Activists take aim at Kenya’s gay sex ban in High Court challenge
A case has been filed with Kenya’s High Court aimed at striking down the country’s ban on gay sex.
At the moment, gay people in Kenya can face up to 14 years imprisonment – while politicians have enthusiastically backed harsher anti-LGBT measures.
The law, which dates back to 1930, any person who has carnal knowledge of any person against the order of nature is guilty of a felony and is liable to imprisonment for fourteen years”.
The penal code does not specifically ban lesbian sex – but in 2010 the country’s Prime Minister ordered police to start arresting women too.
But LGBT activists have today filed a challenge aimed at smacking down the law.
Eric Gitari of the National Gay and Lesbian Human Rights Commission filed the case with the country’s High Court, arguing that the penal code violates constitutional rights to equality, dignity and privacy.
It contends: “Those laws degrade the inherent dignity of affected individuals by outlawing their most private and intimate means of self-expression.”
He told Reuters: “We have been dealing with a lot of cases of violence, of people beating up people because they disagree with their sexual orientation.
“Our clients… are not willing to follow up these cases with the police because they don’t know how to explain to the police what they were doing with other men in the privacy of their bedrooms without admitting to committing offences.”
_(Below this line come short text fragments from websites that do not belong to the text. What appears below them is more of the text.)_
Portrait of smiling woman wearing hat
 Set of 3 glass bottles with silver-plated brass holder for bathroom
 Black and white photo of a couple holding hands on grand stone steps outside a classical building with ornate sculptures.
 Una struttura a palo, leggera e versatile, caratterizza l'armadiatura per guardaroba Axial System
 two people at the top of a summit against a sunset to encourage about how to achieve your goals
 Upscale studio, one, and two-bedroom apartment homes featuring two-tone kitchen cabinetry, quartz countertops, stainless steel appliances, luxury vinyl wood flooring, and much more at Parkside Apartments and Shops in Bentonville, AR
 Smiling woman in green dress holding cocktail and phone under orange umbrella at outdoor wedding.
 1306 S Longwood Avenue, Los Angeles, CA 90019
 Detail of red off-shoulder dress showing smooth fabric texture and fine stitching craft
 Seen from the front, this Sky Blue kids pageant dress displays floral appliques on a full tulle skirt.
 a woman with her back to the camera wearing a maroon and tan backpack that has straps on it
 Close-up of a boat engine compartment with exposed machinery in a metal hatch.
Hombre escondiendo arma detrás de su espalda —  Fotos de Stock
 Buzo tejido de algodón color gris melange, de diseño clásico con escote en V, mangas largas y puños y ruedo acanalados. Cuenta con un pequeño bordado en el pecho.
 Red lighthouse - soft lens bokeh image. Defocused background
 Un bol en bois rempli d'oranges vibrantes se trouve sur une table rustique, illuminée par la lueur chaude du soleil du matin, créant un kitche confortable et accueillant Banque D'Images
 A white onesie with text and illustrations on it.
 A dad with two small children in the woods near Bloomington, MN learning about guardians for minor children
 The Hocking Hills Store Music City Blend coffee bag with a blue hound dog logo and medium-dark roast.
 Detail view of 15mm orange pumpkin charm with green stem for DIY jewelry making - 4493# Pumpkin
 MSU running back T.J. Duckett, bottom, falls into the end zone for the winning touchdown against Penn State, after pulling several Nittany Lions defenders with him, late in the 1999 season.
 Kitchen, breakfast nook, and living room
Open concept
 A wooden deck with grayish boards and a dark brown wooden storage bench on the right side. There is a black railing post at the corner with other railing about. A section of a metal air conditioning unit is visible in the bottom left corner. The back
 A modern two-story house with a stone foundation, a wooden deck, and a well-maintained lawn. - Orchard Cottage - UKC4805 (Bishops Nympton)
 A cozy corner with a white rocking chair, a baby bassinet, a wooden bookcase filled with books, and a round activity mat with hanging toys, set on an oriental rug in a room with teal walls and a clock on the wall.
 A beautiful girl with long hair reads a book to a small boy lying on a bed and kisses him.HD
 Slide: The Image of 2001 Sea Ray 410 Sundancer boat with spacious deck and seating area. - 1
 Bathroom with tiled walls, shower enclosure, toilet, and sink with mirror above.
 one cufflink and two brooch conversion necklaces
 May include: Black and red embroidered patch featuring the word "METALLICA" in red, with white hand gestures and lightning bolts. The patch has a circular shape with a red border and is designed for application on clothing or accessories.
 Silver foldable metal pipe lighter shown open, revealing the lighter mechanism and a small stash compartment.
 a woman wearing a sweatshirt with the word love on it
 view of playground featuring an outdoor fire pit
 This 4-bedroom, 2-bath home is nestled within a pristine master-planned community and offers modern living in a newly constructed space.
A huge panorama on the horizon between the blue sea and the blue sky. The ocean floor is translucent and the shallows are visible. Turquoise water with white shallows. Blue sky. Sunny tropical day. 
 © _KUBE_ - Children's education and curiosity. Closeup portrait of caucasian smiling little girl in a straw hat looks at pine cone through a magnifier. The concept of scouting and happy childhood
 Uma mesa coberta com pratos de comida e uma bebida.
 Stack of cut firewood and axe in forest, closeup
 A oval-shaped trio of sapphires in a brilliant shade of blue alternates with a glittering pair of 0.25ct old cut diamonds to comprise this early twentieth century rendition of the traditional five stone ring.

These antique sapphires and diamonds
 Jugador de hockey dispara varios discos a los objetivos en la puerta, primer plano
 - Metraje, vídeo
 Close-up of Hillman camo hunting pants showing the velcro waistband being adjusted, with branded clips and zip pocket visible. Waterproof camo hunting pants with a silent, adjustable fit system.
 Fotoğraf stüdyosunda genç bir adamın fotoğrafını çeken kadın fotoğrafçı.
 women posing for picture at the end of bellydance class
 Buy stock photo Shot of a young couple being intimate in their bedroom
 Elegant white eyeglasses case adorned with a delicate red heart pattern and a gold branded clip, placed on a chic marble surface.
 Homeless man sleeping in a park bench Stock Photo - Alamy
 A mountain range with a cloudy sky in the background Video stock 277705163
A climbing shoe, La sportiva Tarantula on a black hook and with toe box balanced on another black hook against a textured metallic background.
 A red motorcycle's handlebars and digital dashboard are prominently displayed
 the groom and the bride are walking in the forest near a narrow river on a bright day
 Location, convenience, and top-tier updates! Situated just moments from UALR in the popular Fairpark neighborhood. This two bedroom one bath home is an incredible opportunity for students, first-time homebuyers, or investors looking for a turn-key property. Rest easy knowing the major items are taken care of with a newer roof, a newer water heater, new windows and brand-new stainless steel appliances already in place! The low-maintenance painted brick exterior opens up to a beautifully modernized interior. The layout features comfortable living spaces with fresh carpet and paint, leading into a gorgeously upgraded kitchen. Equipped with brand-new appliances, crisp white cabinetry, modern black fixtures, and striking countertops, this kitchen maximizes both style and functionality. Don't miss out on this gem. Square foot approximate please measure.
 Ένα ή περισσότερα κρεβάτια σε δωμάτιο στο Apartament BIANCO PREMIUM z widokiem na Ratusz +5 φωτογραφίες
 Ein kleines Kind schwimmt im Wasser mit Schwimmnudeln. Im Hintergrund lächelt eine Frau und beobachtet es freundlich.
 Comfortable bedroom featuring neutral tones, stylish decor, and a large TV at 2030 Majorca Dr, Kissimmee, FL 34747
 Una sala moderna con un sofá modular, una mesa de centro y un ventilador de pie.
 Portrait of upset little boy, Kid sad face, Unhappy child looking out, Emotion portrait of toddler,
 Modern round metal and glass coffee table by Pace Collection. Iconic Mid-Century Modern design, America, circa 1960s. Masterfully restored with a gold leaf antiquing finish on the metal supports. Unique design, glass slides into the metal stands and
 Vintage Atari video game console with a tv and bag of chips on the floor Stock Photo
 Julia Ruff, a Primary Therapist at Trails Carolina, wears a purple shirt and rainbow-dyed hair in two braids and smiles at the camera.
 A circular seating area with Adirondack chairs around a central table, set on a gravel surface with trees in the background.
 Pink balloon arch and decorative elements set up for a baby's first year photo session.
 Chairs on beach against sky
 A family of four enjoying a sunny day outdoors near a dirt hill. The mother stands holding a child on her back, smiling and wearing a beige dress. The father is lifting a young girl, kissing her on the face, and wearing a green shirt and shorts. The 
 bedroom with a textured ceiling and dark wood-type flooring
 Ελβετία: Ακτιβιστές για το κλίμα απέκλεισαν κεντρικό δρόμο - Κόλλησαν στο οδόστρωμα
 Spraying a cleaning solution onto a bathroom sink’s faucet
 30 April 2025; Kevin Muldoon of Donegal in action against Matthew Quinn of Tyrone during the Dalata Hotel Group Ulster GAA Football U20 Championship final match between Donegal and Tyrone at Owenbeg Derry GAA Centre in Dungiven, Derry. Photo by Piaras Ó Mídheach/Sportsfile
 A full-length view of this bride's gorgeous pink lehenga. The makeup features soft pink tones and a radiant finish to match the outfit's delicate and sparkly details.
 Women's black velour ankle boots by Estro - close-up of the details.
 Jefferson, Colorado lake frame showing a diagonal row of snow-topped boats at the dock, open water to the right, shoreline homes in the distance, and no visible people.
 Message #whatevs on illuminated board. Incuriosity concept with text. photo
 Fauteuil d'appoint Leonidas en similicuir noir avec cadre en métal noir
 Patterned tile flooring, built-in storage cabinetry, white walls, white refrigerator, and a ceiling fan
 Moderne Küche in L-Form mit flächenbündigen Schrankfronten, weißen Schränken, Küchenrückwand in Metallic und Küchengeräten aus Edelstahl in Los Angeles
US President Barack Obama – considered a hero by many Kenyans because of his roots in the country – called for the decriminalisation of gay sex on a visit last summer.
The leader said that treating people differently eroded freedom and then “bad things happen” – but Kenya’s President Uhuru Kenyatta told President Obama that while the US and Kenya agree on a lot, there are some things that cultures or societies “just don’t accept”.